Rotkäppchen im Düsterwald

Hey, heute ist Sonnenfinsternis! Ich seh ja nur Wolken. Ist aber auch besser so, habe eh keine Schutzbrille. Die Finsternis ereilte mich übrigens auch vergangene Woche – auf dem Weg zum Nähkurs. Ich habe es jetzt verarbeitet und bin bereit darüber zu schreiben. Puh!

Wer mich kennt, weiß, dass ich gerne mal kreativ bin: Malen, Basteln, Dekorieren – zur Freude meines Mannes. Kürzlich gestalteten meine Tochter und ich hingebungsvoll Glitzereier und platzierten sie in einem Einmachglas. Die Maus fragte: „Und, wo kommt das jetzt hin?“ „Ins Treppenhaus.“ „Ah! Damit der Papa das nicht sieht!“ Weitsichtig sind sie, die Kleinen.

Glitzereier-Deko im Treppenhaus

Mit der gleichen Begeisterung würde ich gerne Nähen, Stricken und Häkeln. Allein mir fehlt das Garn, äh Gen. Sobald ich versuche, etwas aus Wolle oder Jersey herzustellen, scheitere ich an meinen linken Händen. Das hält mich allerdings keineswegs davon ab, es hin und wieder zu versuchen. So wie letzte Woche, als ich einen Nähkurs bei Celia besuchte. Hinter den sieben Bergen, bei den sieben Zwergen…

Auf nach Mittelerde

Als ich mir bei Google die Wegbeschreibung anschaute, war ich kurz davor, die Sache abzublasen. „Wo is dat???“ fragte ich meinen Mann und wies anklagend auf das Satellitenbild, das drei Häuslein inmitten von nichts zeigte. „Das? Das ist Mittelerde, glaube ich. Du weißt schon, da wo die Elben und die Hobbits leben.“ „Ja, und die Trolle“, dachte ich im Stillen und wollte gerade zum Handy greifen, um mit einer Ausrede mein Fernbleiben zu erklären, da sagte mein Mann: „Und du traust dich sicher nicht, alleine im Dunkeln da hin zu fahren.“

„Pffffffft!“ So ein Quatsch!!! „Ich bin groß, ich bin stark, ich bin mutig“, murmelte ich abends darauf das Mantra meiner Tochter vor mich hin, während ich die Nähmaschine in den Kofferraum wuchtete. Natürlich mal wieder viel zu spät dran, nachdem die Maus zum Abschied mein Nähset inklusive 15 Stecknadeln, 20 Garnrollen, einem Auftrenner, 30 Knöpfen usw. usf. auf den Boden gepfeffert hatte. Mit zitternden Fingern fütterte ich mein Smartphone-Navi.

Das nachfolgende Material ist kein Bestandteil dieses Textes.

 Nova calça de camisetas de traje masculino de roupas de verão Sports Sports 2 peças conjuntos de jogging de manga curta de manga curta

Ort, Straße und… „Zu dieser Straße sind keine Hausnummern bekannt.“ Okay, auch gut, meine Orientierung ist ja phänomenal! Es sollte schlimmer kommen, als gedacht!

Your GPS is out of order

Ich hatte also noch 20 Minuten Zeit, um eine 30-Minuten-Strecke zurückzulegen und düste los, bis ich vor unserer Dorfbahnschranke zu einem abrupten Halt kam. Mist! Warten zwecklos, also Wenden in 35 Zügen und ab über die Umgehungsstraße. Ich fuhr die Serpentinen ins dunkle Siebengebirge hinauf und versuchte meinen Puls in den Griff zu kriegen. Einzelne Schilder, die hier und da vor kreuzenden Wildscheinen warnten, trugen nicht gerade zu meiner Entspannung bei.

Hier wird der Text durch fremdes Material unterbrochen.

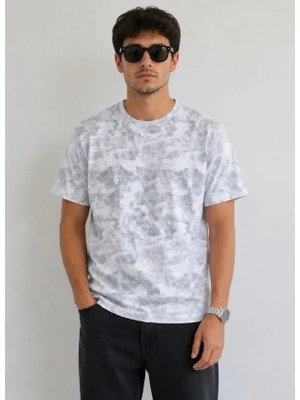 Defy Moda Erkek Batik Desenli Tişört Bisiklet Yaka Kısa Kol Regular Fit T-Shirt - Gri
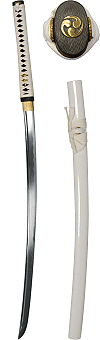 ''Lumi&egrave;re'', shirasaya Practical (lame aiguis&eacute;e)saya, ito et sageo blancs, galuchat noire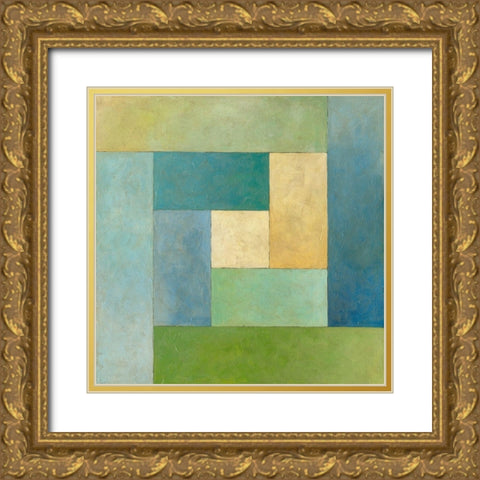 Quilted Abstract II Gold Ornate Wood Framed Art Print with Double Matting by Meagher, Megan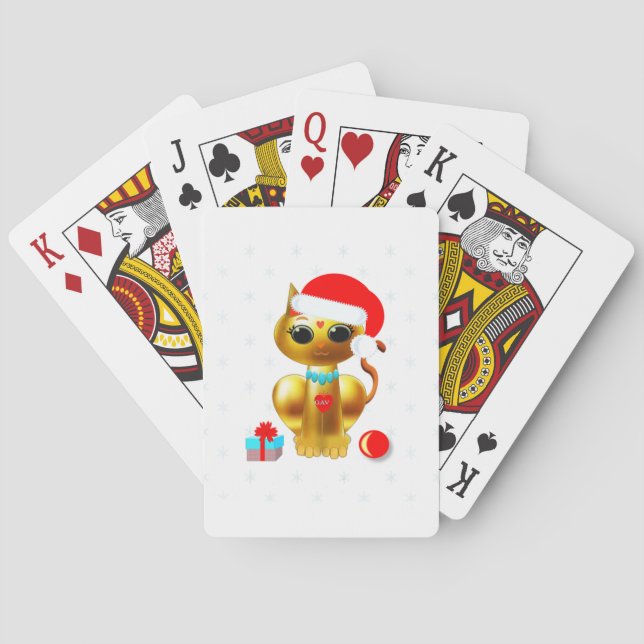 Baraja De Cartas Navidades golden kitty cat personalizado (Reverso)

Rotkäppchen und die Vollsperrung

Oben angekommen ging es ab des Weges in die Büsche. Ich fühlte mich ein bisschen wie Rotkäppchen, das sich gleich dem bösen Wolf stellen muss, konnte aber auch nicht umhin, den glitzernden Sternenhimmel zwischen den Tannenwipfeln zu bewundern, der hier oben seinen Namen noch verdient. „Von draus vom Walde komme ich her…“ rezitierte ich, während ich den Anweisungen meines Navis folgte, nur um kurz darauf vor einer vollgesperrten Straße zu stranden.

„ÄÄÄÄhhhh!“ machte ich angesichts der rotweißen Blockade ohne Umleitungshinweis und der gnadenlos tickenden Uhr (noch fünf Minuten Zeit, um pünktlich zu kommen) und fuhr zurück auf die Landstraße. Direkt hinter einen riesigen Trecker, der genau das fuhr, was hinten angegeben war, nämlich 20. Während ich also in gefühlter Schrittgeschwindigkeit durch den Wald schneckte und überlegte, wann der Fuchs hier wohl dem Hasen gute Nacht sagt, meldete sich mein Handy wieder und bedeutet mir unmissverständlich „scharf links“ abzubiegen.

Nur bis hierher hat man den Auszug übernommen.